Please use these parameters to run your WES analysis with sarek:

```bash
#!/bin/bash
module purge
module load devel/singularity/3.4.2
nextflow run nf-core/sarek -r 2.6.1 \
-profile cfc \
--genome 'GRCh38' \
--input 'input.tsv' \
--tools 'HaplotypeCaller,Strelka,manta,ascat,controlFreec,VEP,snpEff' \
--no_gatk_spark \
--targetBED `/path/to/targetBED`
```

### Important remarks for WES analysis

* *TargetBED* files: the target BED files are provided by the Exome capture kit companies. For common Human genomes and capture kits, the BED files are available in the `cfc` and `Binac` clusters. If your BED file is not there, contact your team leader.

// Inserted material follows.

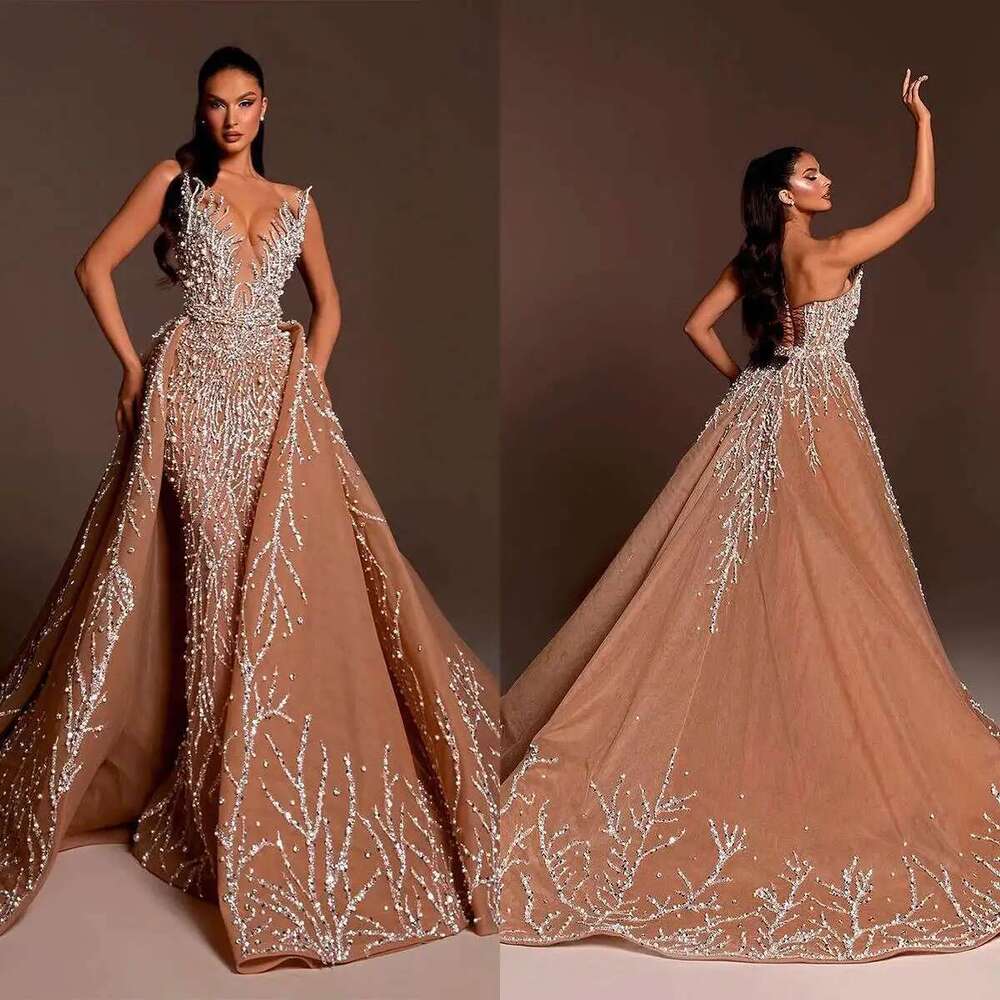 Dresses Mermaid Detachable Spaghetti Strap Pearls Sequins or-Length Princess Bride Wedding Dress Custom Made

  * `hg38` (`--genome GRCh38`) & `Agilent Technologies capture kit`

    ```txt
    /nfsmounts/igenomes/Homo_sapiens/UCSC/hg38/Exome_BED/S31285117_Regions_Agilent_Technologies_exome_hc38.bed
    ```

  * `hg19` & `Twist capture kit`

    ```txt
    /nfsmounts/igenomes/Homo_sapiens/UCSC/hg19/Exome_BED/Twist_Exome_Target_hg19_noUn_gl000228_2020_05_05.bed
    ```

  * Mouse `mm10` & `Agilent SureSelect All Exon`

    ```txt
    /nfsmounts/igenomes/Mus_musculus/UCSC/mm10/Exome_BED/mm10_Agilent_SureSelect_Mouse_All_Exon_Kit_2016_01_21_sorted.bed
    ```

  * Mouse `GRCm38` & `Agilent SureSelect Mouse`

    ```txt
    /nfsmounts/igenomes/Mus_musculus/Ensembl/GRCm38/Exome_BED/GRCm38_Agilent_SureSelect_Mouse_All_Exon_Kit_2016_01_21_sorted.bed
    ```

* Notes on Target BEDs: In general for WES data analysis people advise to use target regions that are padded (e.g. +- 150 bp), also the Sarek docs said that. But to be precise there are multiple aspects:
  * The mapping should be done on the whole reference to get information about multi reads mapping also outside of the exome (to discard)
  * Then reads mapping within the target exome regions should be kept, for this a padding should be added to prevent loosing reads at the boarders
  * for QC to get an unbiased view about the overall quality of the experiment its best to use the exact target regions without padding
  * and for the final variants it depends, if one want to be sure not to increase the number of FPs it would also make sense to use unpadded target regions. If the goal would be to get as many variants as possible, then of course one could use padded regions (which made quite a difference in the final numbers in my case)
  * Sarek actually maps reads against the whole reference, and then uses the targetBED file for the QC and to filter variants. So *simply hand over the unpadded target region*. This is usually provided by the Exon capture kit company.
* BED file compatibility: if you have to use your own BED file, make sure the chromosome names are compatible between the reference and the targetBED file (e.g. UCSC “chr1” <-> Ensemble “1”). For human, if they differ and your analysis is done only on main chromosomes, then you could simply convert the names by adding “chr” to the chromosome names.

### Known issues

* `2.6.1` release has a bug with `mutect2`, so avoid using this variant caller.
* our cluster has problems with MarkDuplicates Spark so that is why the `--no_gatk_spark` parameter should be provided.
* There is currently a bug regarding the reference names: if you specify `--genome GRCh38`, sarek actually uses `hg38` (UCSC naming convention, and not Ensembl). See the [issue](https://github.com/nf-core/sarek/issues/86).

## Reporting

Reporting hasn't been established yet for Exome sequencing.